## EXTRACTED RECORDS:
=== Begin Enclosure ===

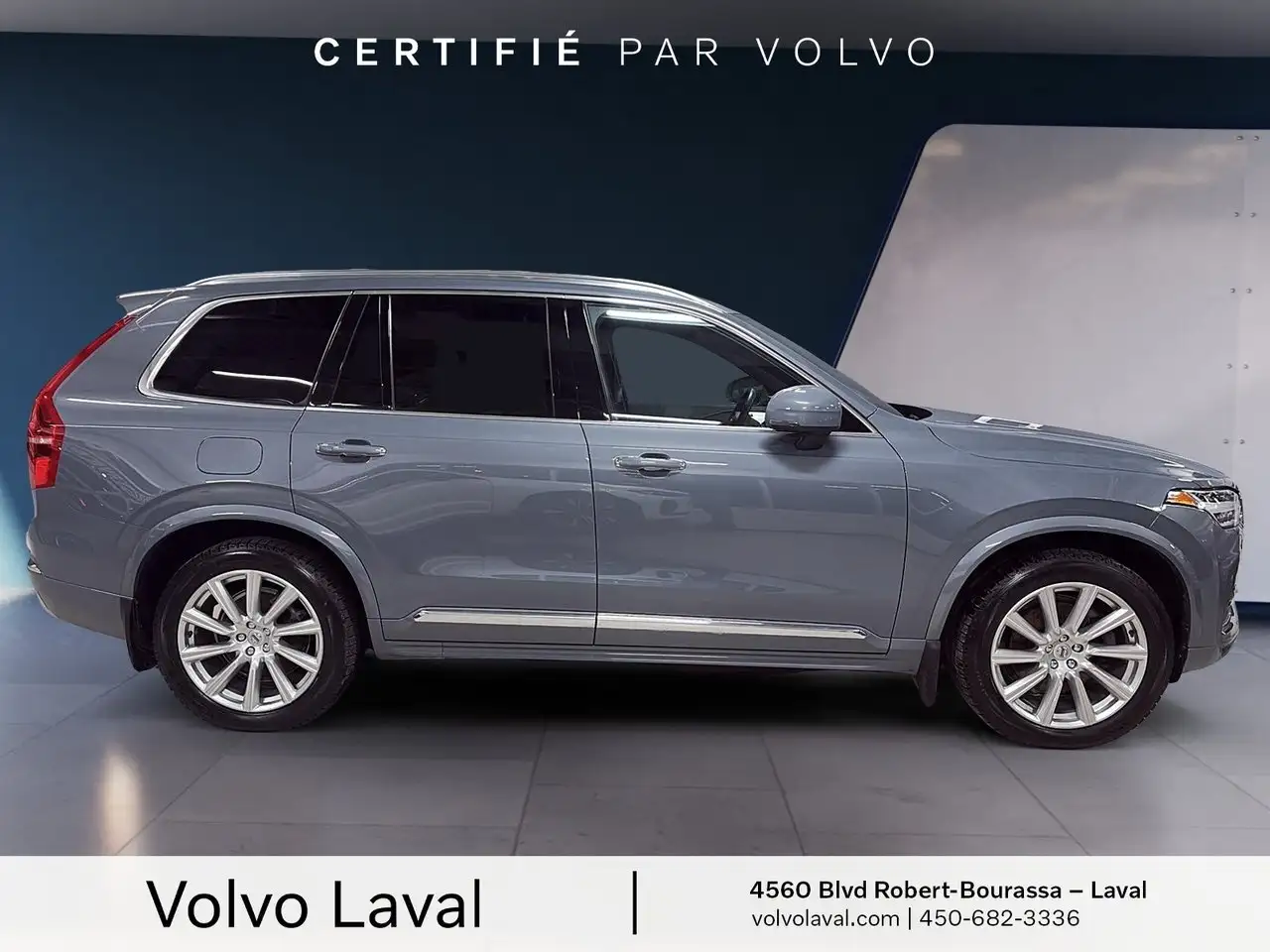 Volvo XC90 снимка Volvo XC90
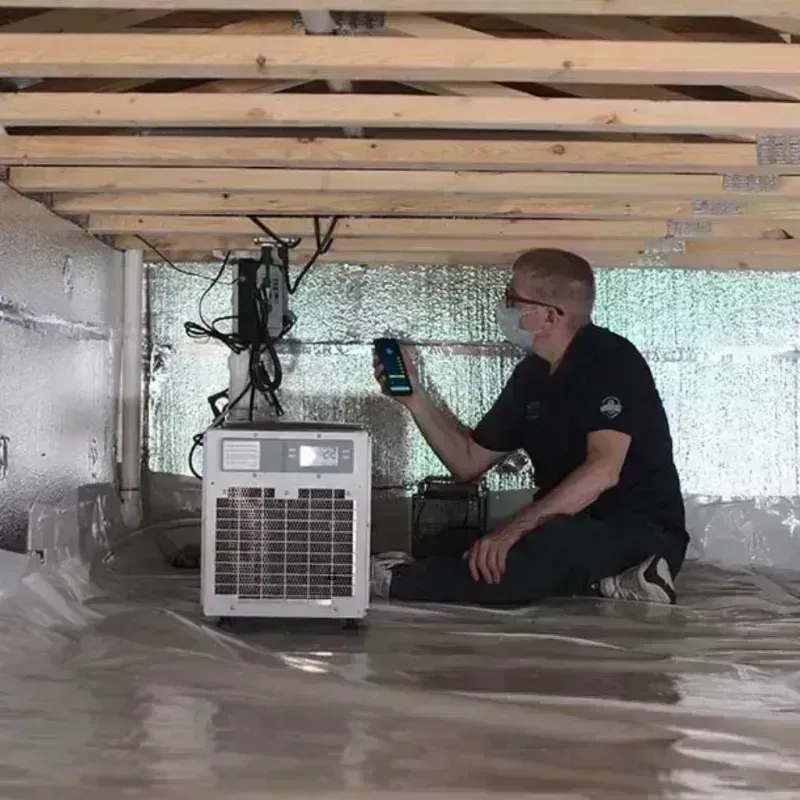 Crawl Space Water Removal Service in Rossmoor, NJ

=== End Enclosure ===
=== Begin Enclosure ===

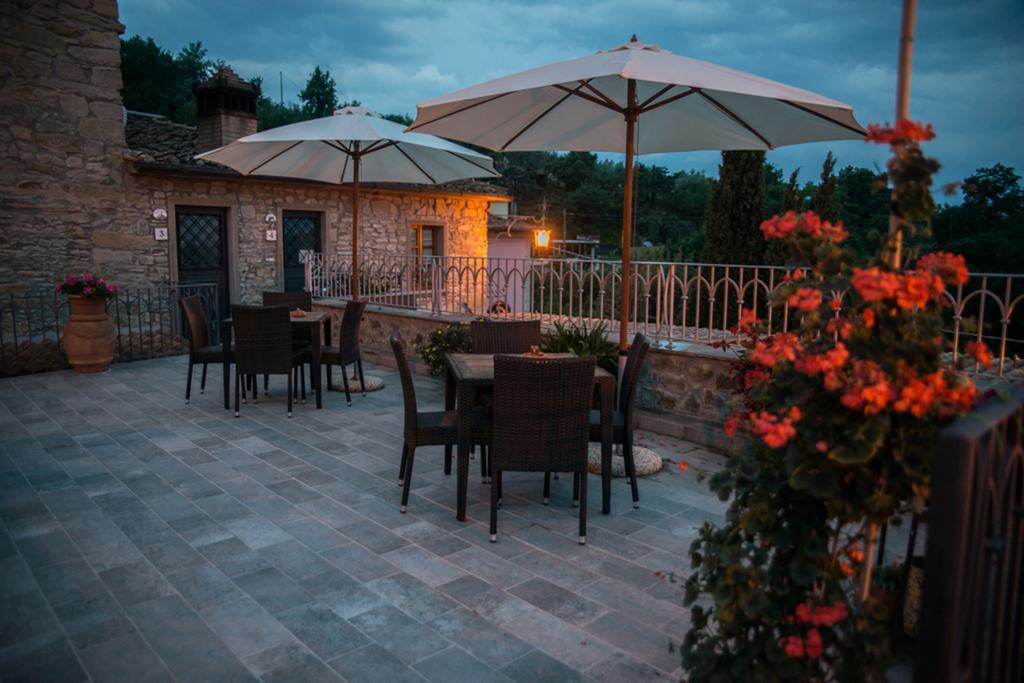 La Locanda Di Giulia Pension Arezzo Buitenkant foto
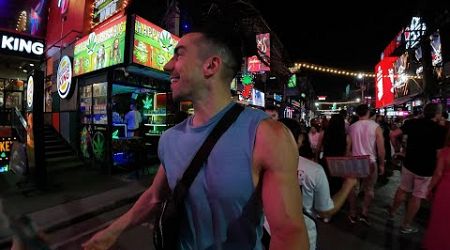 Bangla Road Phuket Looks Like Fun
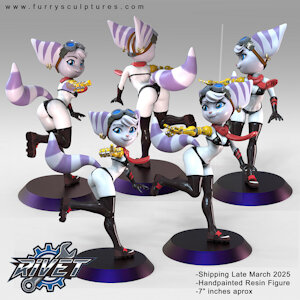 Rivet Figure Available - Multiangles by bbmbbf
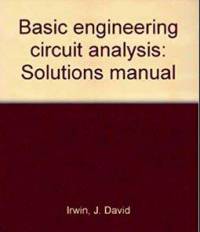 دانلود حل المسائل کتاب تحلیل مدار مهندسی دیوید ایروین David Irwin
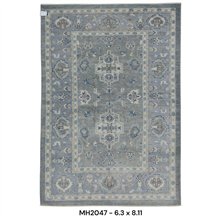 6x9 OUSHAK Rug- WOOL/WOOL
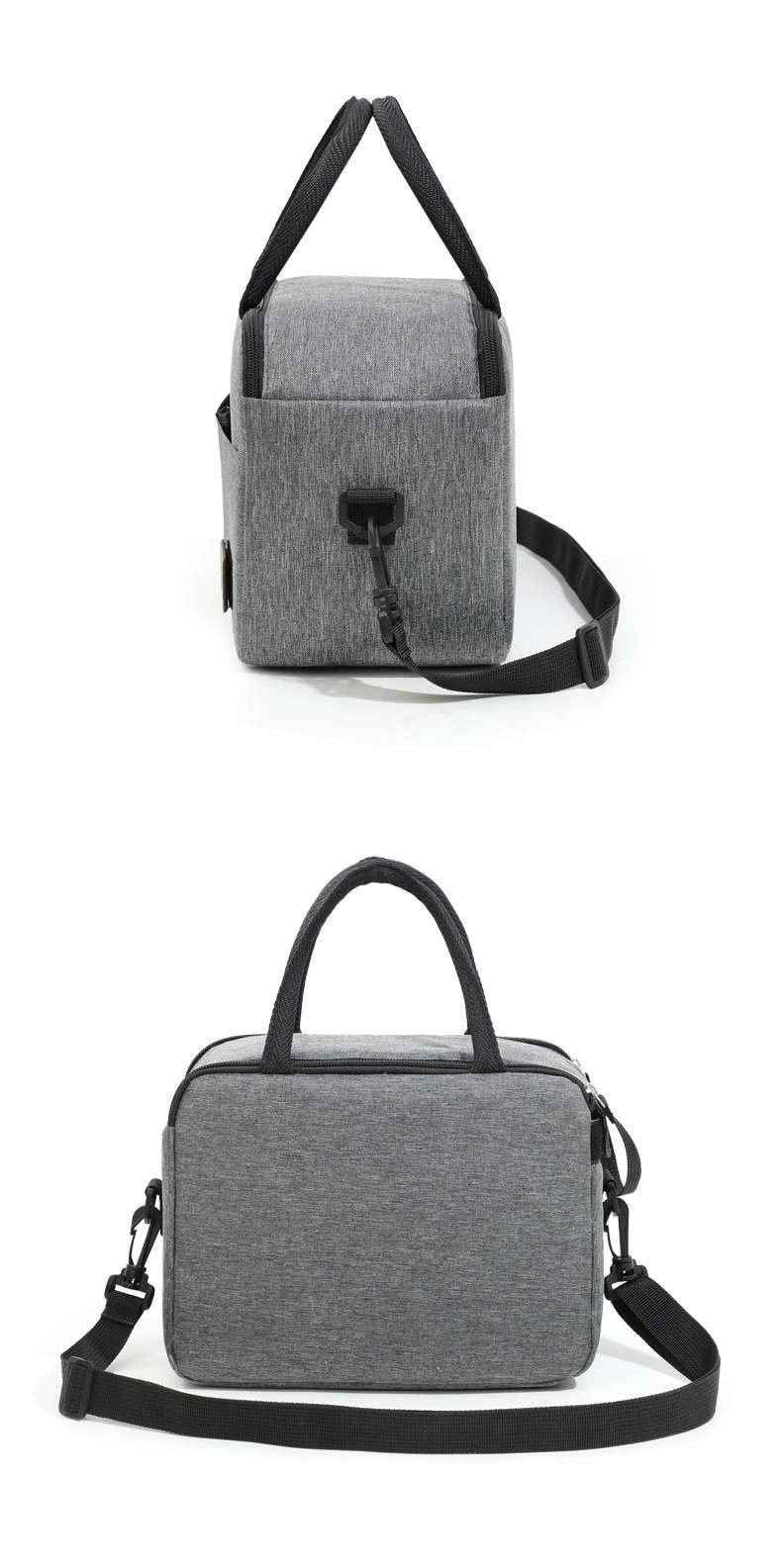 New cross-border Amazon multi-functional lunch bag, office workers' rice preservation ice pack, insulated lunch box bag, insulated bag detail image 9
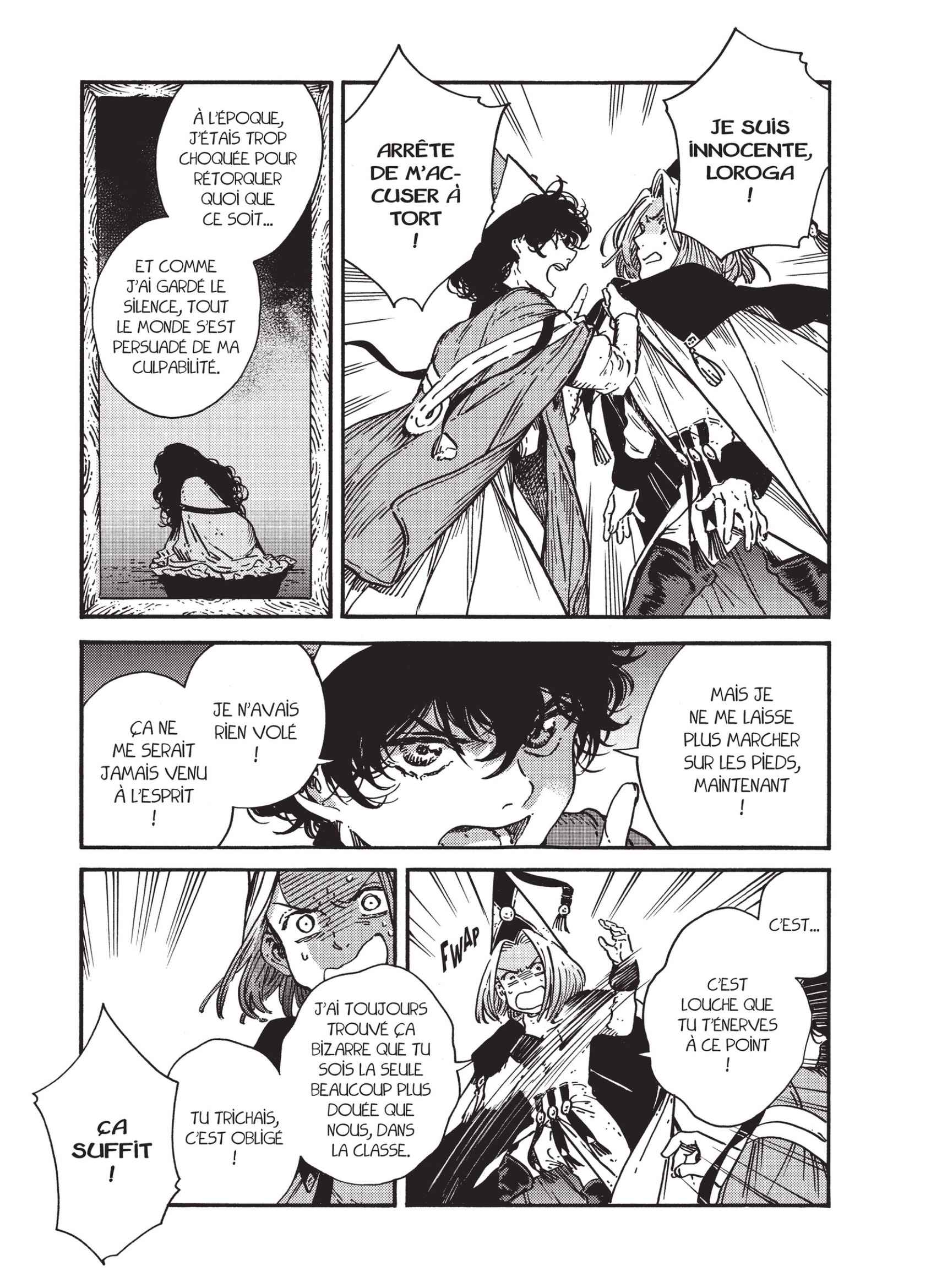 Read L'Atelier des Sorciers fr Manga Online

=== End Enclosure ===

## PROBLEM REQUIREMENTS:
In the data above, start at the line holding "Rivet Figure Available" and stop after the line holding "Read L'Atelier des Sorciers fr Manga Online"; write out those lines exactly, without pictures.

## ANSWER SECTION:
 Rivet Figure Available - Multiangles by bbmbbf
 دانلود حل المسائل کتاب تحلیل مدار مهندسی دیوید ایروین David Irwin
 6x9 OUSHAK Rug- WOOL/WOOL
 New cross-border Amazon multi-functional lunch bag, office workers' rice preservation ice pack, insulated lunch box bag, insulated bag detail image 9
 Read L'Atelier des Sorciers fr Manga Online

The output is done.